A Russian recovery team opens up the hatch of a Soyuz spacecraft after its landing in Kazakhstan early Saturday local time. The capsule carried a U.S.-Russian crew back to Earth from the International Space Station.

By Miriam Kramer
Space.com

A Soyuz spacecraft has safely landed on the frigid steppes of Kazakhstan, returning an American astronaut and two Russian cosmonauts to Earth after a nearly five-month mission on the International Space Station.

The Soyuz space capsule touched down at about 11:11 p.m. ET Friday, which was early Saturday at the landing site. The spacecraft brought NASA astronaut Kevin Ford and Russian cosmonauts Oleg Novitskiy and Evgeny Tarelkin home after 142 days in space. The trio was greeted by freezing temperatures after exiting the spacecraft.

"They've landed. Expedition 34 is back on Earth," NASA spokesman Rob Navias said during live commentary.


Originally, the international crew was to leave the orbiting laboratory on Thursday, but freezing rain and foggy weather on the ground prevented them from returning home. Weather conditions improved on Friday, leading to a smooth undocking; however, a bank of clouds hampered visibility in the landing zone, complicating the Russian search and recovery team's task.

During their stay aboard the station, the three spacefliers orbited the Earth 2,304 times, traveling nearly 61 million miles (98,169,984 kilometers). This was Novitskiy and Tarelkin's first trip to space, and the second for Ford. [See photos from Expedition 34 space mission]

The three crew members were on board to see the docking of the unmanned Dragon capsule — owned and operated by private spaceflight firm SpaceX — at the beginning of March.

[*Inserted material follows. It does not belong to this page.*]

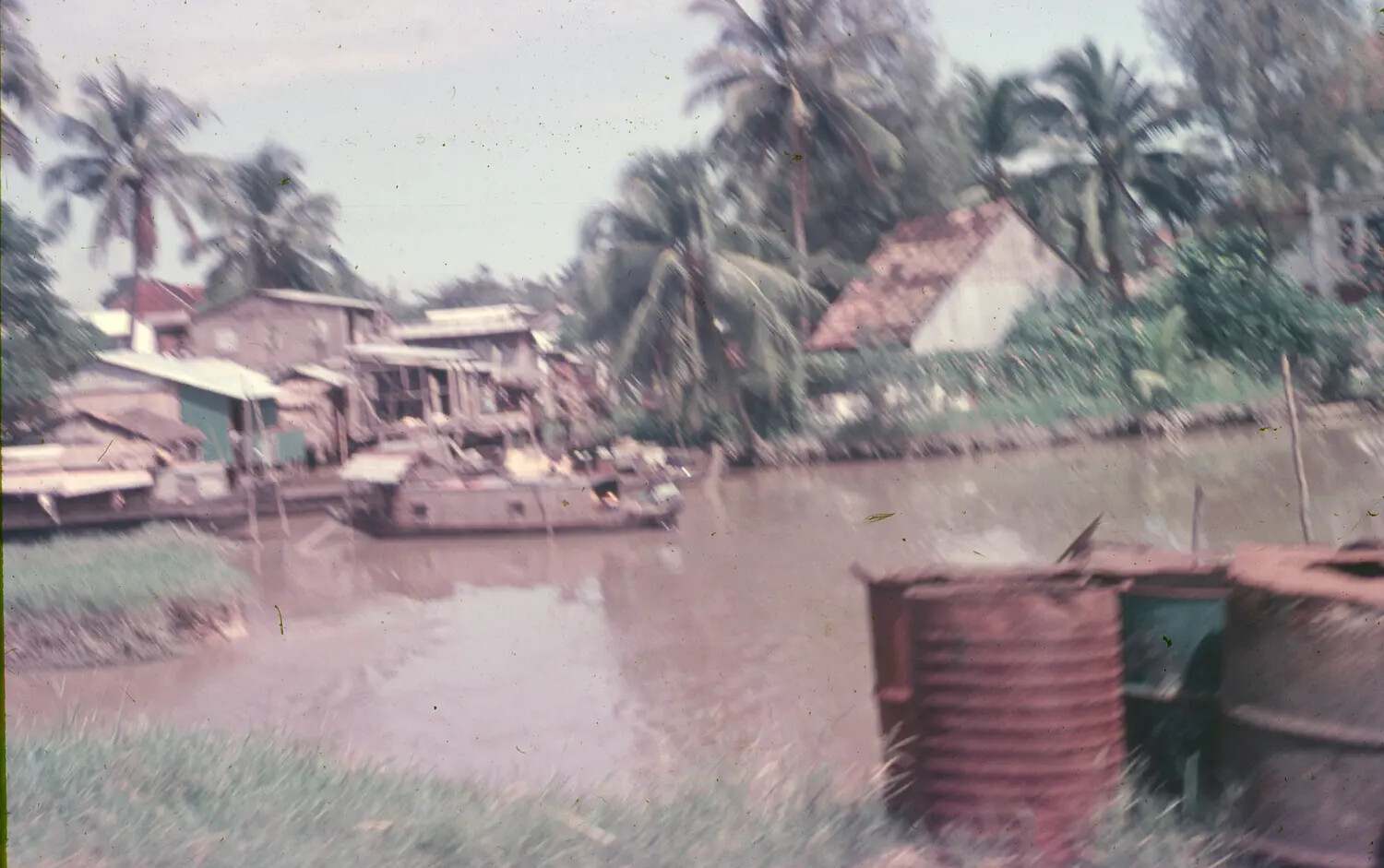 Vietnamese Canal-Side Village Scene, 1965 (3rd Tactical Fighter Wing Personal Photo Collection)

A month before, the crew participated in the docking and undocking of a Russian Progress supply capsule.

NASA TV

The International Space Station is seen in a video view from a departing Russian Soyuz craft.

Ford, Novitskiy and Tarelkin leave three other crew members on board the space station. Canadian astronaut Chris Hadfield, Russian cosmonaut Roman Romanenko and NASA astronaut Tom Marshburn said their goodbyes to the departing trio earlier in the day. Ford passed the commander's role to Hadfield, putting a Canadian in charge of the station for the first time.

Hadfield, Romanenko and Marshburn will not be the sole residents of the station for long. Cosmonauts Pavel Vinogradov, Alexander Misurkin and NASA astronaut Chris Cassidy are expected to arrive at the station on March 28. If all goes as planned, it will mark the first time a Soyuz capsule has delivered a station crew to the International Space Station in one day. Russia's Federal Space Agency tested the one-day flight profile during unmanned Progress cargo ship deliveries to the space station.

NASA has relied on Russia's Soyuz capsules to transport astronauts to and from low Earth orbit since the retirement of the agency's shuttle program in 2011. In the future, NASA officials plan to use on privately built spacecraft to carry people and cargo to and from the space station.

The $100 billion laboratory was built by space agencies representing Japan, Canada, Europe, the United States and Russia. International crews of astronauts have occupied the station continuously since 2000.